A framework to allow high-level design/specification of scalability aspects of Big Data processing pipelines and their effective and efficient deployment and execution on the continuum computing infrastructure (heterogenous Cloud/Fog/Edge infrastructure).
The purpose of such a framework is to lower the technological barriers of entry to the incorporation of Big Data pipelines in organizations' business processes regardless of the hardware infrastructure.

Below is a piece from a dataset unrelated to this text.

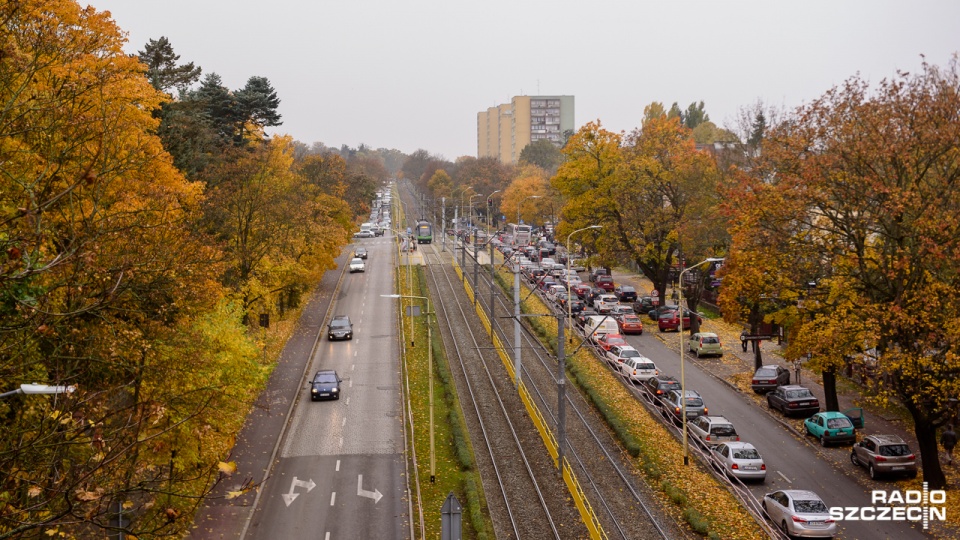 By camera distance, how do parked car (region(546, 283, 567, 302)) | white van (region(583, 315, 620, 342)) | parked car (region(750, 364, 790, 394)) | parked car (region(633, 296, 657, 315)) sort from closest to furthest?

The framework requires new languages, methods, infrastructures, and software for managing Big Data pipelines such that Big Data pipelines can be easily set up in a manner which is trace-able, manageable, analyzable and optimizable and separates the design- from the run-time aspects of their deployment, thus empowering domain experts to take an active part in their definition.
The purpose of such a framework is to allow specification of data processing pipelines by non-IT experts at an abstraction level suitable for pure data processing, in which pipeline specifications are realized (deployed and executed) using instances of a pre-defined set of scalable and composable software container templates (corresponding to step types in pipelines).
The figure below depicts a typical workflow in the use of the framework. Users typically specify high-level descriptions of workflow steps and their dependencies using the Workflow Modeling Manager. This component handles storage configurations, data preparation, and step-level data processing and transformation operations. The output of the component is a deployable data workflow that feeds into the Deployment Service Runtime – a component representing the collection of hybrid computing resources where workflows steps are deployed. Data Storage/Sharing Ecosystem is responsible for storing intermediate and output data and the data exchange mechanism during workflow execution.
An example of workflow specification depicted below and use a DSL specifically designed to handle Big Data pipelines.
The purpose of this framework is to be able to effectively and efficiently model, deply, and execute Big Data pipelines on heterogenous infrastructures (Cloud-Fog-Edge). For COGNITWIN, this framework is relevant for the pilots that require processing of large amounts of data.
The Big Data Workflow framework was part of the initial COGNITWIN Toolbox baseline and has evolved into a software protype to date. Even if it has not been directly applied in the COGNITWIN pilots during the first phase, it can be a relevant framework in the subsequent phases for scalable deployment and execution of data pipelines. It is thus retained for consideration for the next phase of the project.